There are several metrics that are commonly found on all analytics programs. They count some basic information about your website. If you're going to only follow one or two metrics on your site, you should probably start with these.
Pageviews When you are tracking pageviews, you're tracking one of the most basic elements of your site. How many times have the pages on the site been viewed. A statistics package or analytics tool that doesn't provide this information isn't worth the name. Pageviews doesn't tell you how many people saw your site or give you much information other than how many times the pages were requested from the server.
Tracking pageviews is useful but it can be gamed. It's possible to see your pageviews inflated by automatic processes that really don't represent any type of person seeing your pages. While it might be interesting to know that a spider has hit your site, if your pageviews are not monitored to account for them, you may think your site is more popular than it is. I know of situations where spiders were giving websites double the amount of human traffic. Since all they were tracking were pageviews, that site was severely hurt by an advertiser taking an audit and adjusting those numbers downwards (and the respective pay).
Browsers and Operating Systems Knowing what browsers and operating systems your customers are using is essential to create a site that meets their needs. Most Web analytics packages provide this information as well as pageviews. If you know that most of your readers come to your site on a Macintosh using Opera, then you know you should be testing your site in Opera for the Mac. Even if you don't control the design of the site, knowing the OS and browsers can help improve your content. For instance, if you're writing for a video game site and most of your readers are on a PC, writing about Mac games is not going to interest most of your readers.
Knowing the browsers and operating systems your customers use can be misleading. For one thing, some browsers send false codes to trick publishers into thinking they are a standards compliant browser when they aren't. It's also possible to block the browser and OS information from being sent, or to send a completely different string. Finally, just because one browser is popular one month doesn't mean it will be the next month.
Referrer Referrer statistics are also very common in Web analytics packages. They tell you where people have come to your site from and what pages link to you. This is a standard item that is tracked in most Web logs. Knowing who is linking to you is a great way to learn how your site is viewed in the Web at large.
The problem with referrer information is that it's not always accurate. Just like with browser and OS, it is possible to send false referrer information to the server. People do this to protect their privacy and spammers do this to try and get more pageviews. Spam of this sort is especially common on sites that publish their logs. But even if you're just using referrers for your own use, you could be giving spammers more pageviews by visiting them.
Who is Coming to Your Site
Visits and visitors Another really interesting metric is to track who is coming to your website. Visits and visitors (also known as users, unique visitors, and uniques) tell you something about the people that are coming to your site.
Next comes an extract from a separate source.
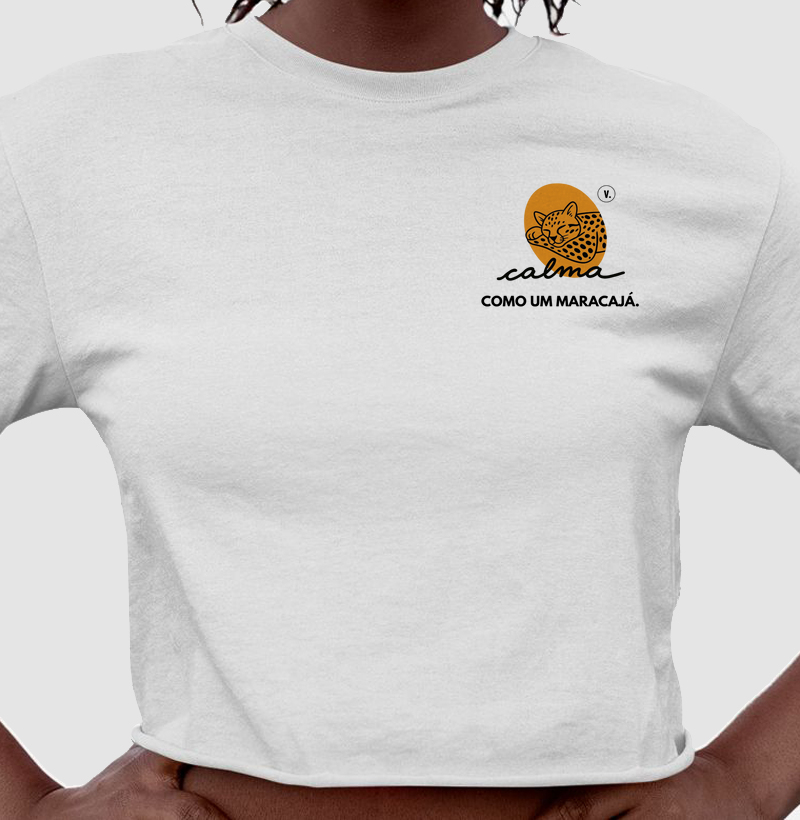 Calma como um maracajá - Pocket Print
Rather than just knowing a high level number of times your pages have been loaded, visitors tell you whether it was 100 or 1000 people who were doing the loading. Visitors tell you how many unique people are coming to your site, and visits tell you how many times in a specific period they have come.
The problem with visits and visitors is that it's not very exact. Lots of tools use IP address to assign visitor status, but when a customer is using an ISP such as AOL they are on a dynamic IP. This means that if they come to your site today on IP "A", tomorrow they might come on IP "B". This would be tracked as 2 visitors each with 1 visit, even though it was really 1 visitor with 2 visits.
Another way to track visits and visitors is by setting a cookie on their machine. Then every time that cookie arrives and is tracked, you know that the same person has returned to your site. The problem is that many people are afraid of cookies or consider them a violation of privacy. And so they turn them off and refuse to accept them.
The important thing to remember, if you're going to pay attention to visits and visitors, is that it's not an exact number. It' an approximation. So if you're following your visitor numbers, you should watch for trends, not an absolute measure. In other words, set a goal to increase your visitors, but not a goal to get to 4,000 visitors.
Network information (speed, hostnames, locations) Knowing how fast your readers' connections are can go a long way towards creating pages that work for them. You can also use hostname and location information to target information to readers from specific areas of the country or on certain Web hosts.
Geographical location and language Some metrics programs can provide you with information about where your customers are coming from. While we're not yet at the point of having location data and geotagging on all our customers, there is a lot of information available about IP addresses that can be used to pinpoint where a cutomer is coming from. This can be especially interesting if you are targeting an international audience or a specific region of the world. Watching the geographical location in your metrics can help you determine if your campaigns are working.
Geographical data has a lot of the same drawbacks as visits and visitors. It's not automatically encoded into the information sent by a Web browser, and when it is it can be modified. There are metrics companies that specialize just in geographical tracking, but this can get expensive if you want extremely accurate data.